The article seems to me the sort of hack evolutionary reasoning that gives us all a bad name.
My ideas on gender and evolutionary psychology are mostly informed by "The Red Queen" by Matt Ridley, which is my favorite book. It's an old book (1994, I think), but I have not heard that any of the ideas I mentioned here have been refuted, and the logic of the women / polygamy example particularly seems hard to refute. So - is this article rubbish, as I am thinking? And if so, how did it end up here, polluting the memeosphere on the website of the man who coined the term?
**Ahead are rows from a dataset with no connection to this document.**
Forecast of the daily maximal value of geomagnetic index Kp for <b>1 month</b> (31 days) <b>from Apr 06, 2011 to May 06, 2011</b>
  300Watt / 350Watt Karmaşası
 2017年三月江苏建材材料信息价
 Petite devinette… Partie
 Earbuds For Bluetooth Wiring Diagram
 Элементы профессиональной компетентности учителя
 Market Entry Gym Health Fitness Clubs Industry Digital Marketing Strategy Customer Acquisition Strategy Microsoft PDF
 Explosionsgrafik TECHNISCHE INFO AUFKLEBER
4. Science of the Soul? 'I Think, Therefore I Am' Is Losing Force

Comment #52671 by Ben Kington on June 27, 2007 at 5:20 pm

I see that several people have already addressed it, but as a former philosophy enthusiast / current amateur philosopher I can't let the headline's denigration of the cogito stand. I once heard a professor call it "the only knock down, drag out argument in all of philosophy." If anyone here doesn't know, the basic gist is that you can doubt just about everything: are you /sure/ that right now you are really looking at a computer screen and not in "The Matrix?" Or that every time you try to figure out 1+1, the matrix manipulates your brain waves and makes you arrive at the wrong answer (2)? The point being that an evil God (or matrix) could fool you about anything you think you know, but only if there was something doing some thinking that could be fooled - you. So, whatever else I am (I can't speak for the rest of you Matrix-generated hallucinations,) I am a thinking thing.